Hymn of the Week #5 - "Draw Us In the Spirit's Tether"

Draw us in the Spirit’s tether,

for when humbly in your name

two or three are met together,

thou art in the midst of them.

Alleluia! Alleluia!

Touch we now thy garment’s hem.

As disciples used to gather

in the name of Christ to sup,

then with thanks to God the Father

break the bread and bless the cup,

Alleluia! Alleluia!

so now bind our friendship up.

All our meals and all our living

make as sacraments of you,

that by caring, helping, giving,

we may true disciples be.

Alleluia! Alleluia!

We will serve thee faithfully.

- Percy Dearmer (1867-1936)

Have you ever wondered how words become a hymn? Who determines what goes into the hymnal? Well, in the church, as with most things, it's usually a committee's job. However, within that committee, there are often leaders who leave their personal mark on the final result.
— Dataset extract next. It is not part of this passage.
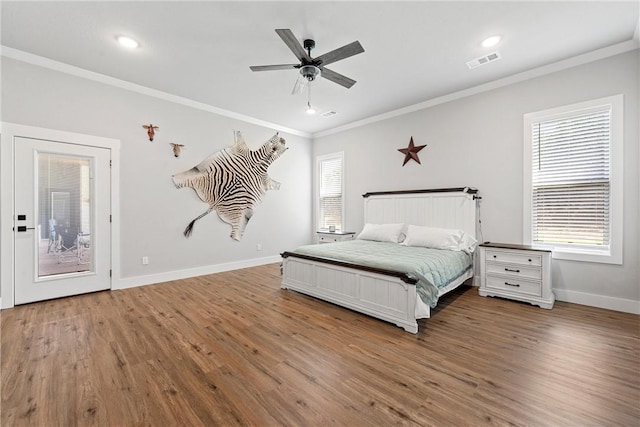 bedroom with ceiling fan, crown molding, and wood-type flooring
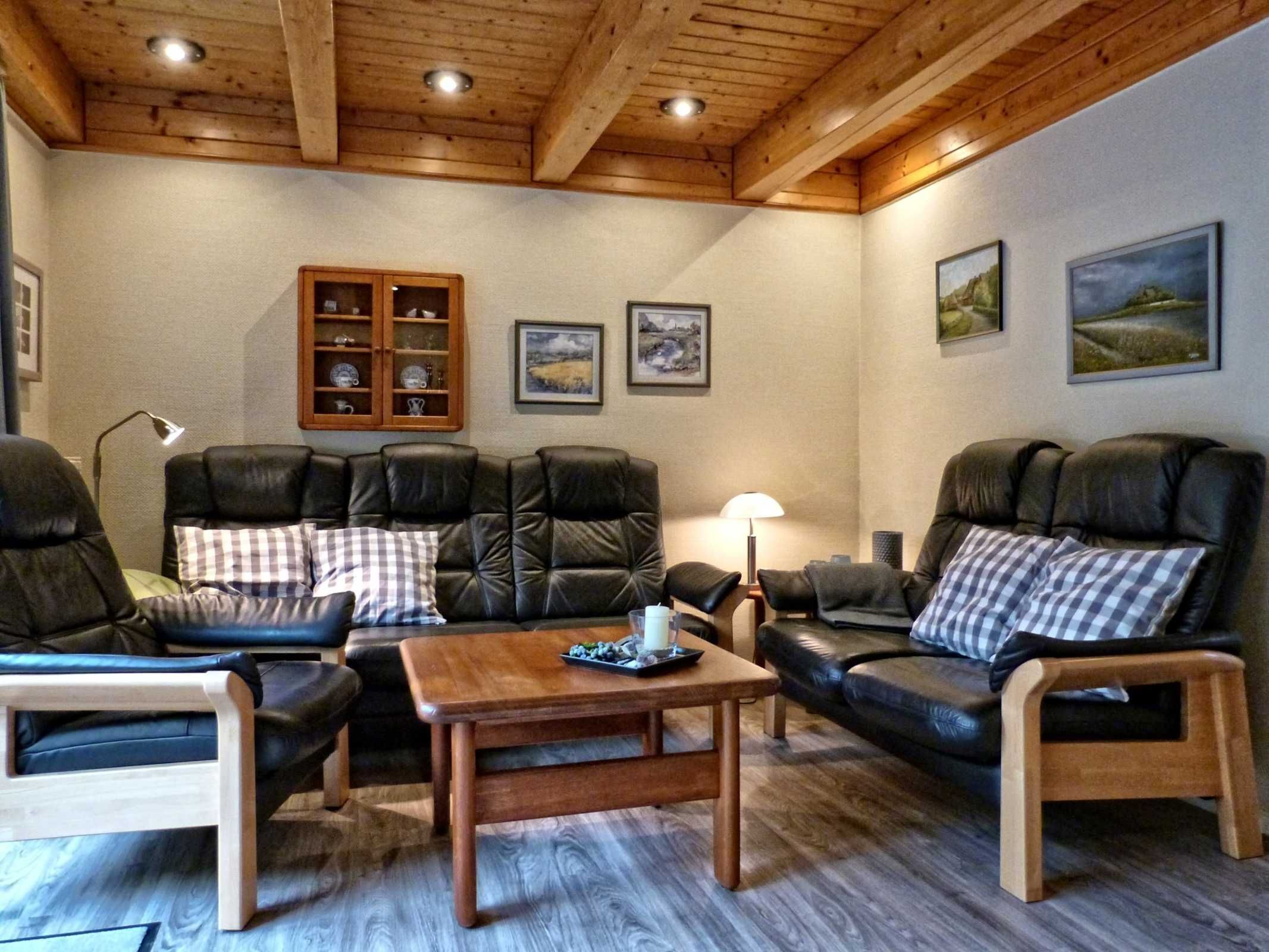 A cozy living room with leather sofas, a wooden coffee table, and a cabinet with glass doors.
This was certainly true with The Hymnal 1982, which was the product of a committee but distinctly reflects the influence of Ray Glover and Jim Litton.

One of the key figures in shaping our hymnody in the 20th century was Percy Dearmer (1867-1936), who, along with Ralph Vaughan Williams, played a significant role in developing our hymn repertoire. They achieved this through their editing of The English Hymnal, which was published in 1906. Dearmer, an English priest, also gained recognition as the author of The Parson's Handbook, published in 1899. His influence can be found in the liturgy we celebrate at All Saints even today.

Dearmer wrote a hymn in response to George Bourne's (1840-1925) "post-communion" hymn, "Lord, enthroned in heavenly splendor," which was set to the tune Bryn Calfaria (#307 in the Hymnal 1982). Dearmer felt that this melody did not possess the desired devotional qualities for a post-Communion hymn. Consequently, he wrote three new verses and paired them with a more subtle melody, considering it as "part 2" to Bourne's hymn.

Ultimately, the text would go on relatively unknown until 1957, when Harold Friedell(1905-1958) would provide a new vehicle for the text – a tune known as Union Seminary. He would set the tune and text as an anthem. Friedell, a renowned performer and educator, spent his entire life and career in and around New York City. He taught at Julliard and Union Seminary and held esteemed positions in the Episcopal Church throughout the city, culminating in St. Bartholomew's Church. Tragically, he passed away at the age of 57 from a heart attack while walking through heavy snow following a storm the night before.

While Dearmer's hymn has been included in more than 20 hymnals of other denominations, it has yet to be featured in any of the Episcopal Church hymnals. If I were to make a recommendation to the committee responsible for our next hymnal, I would suggest including this hymn!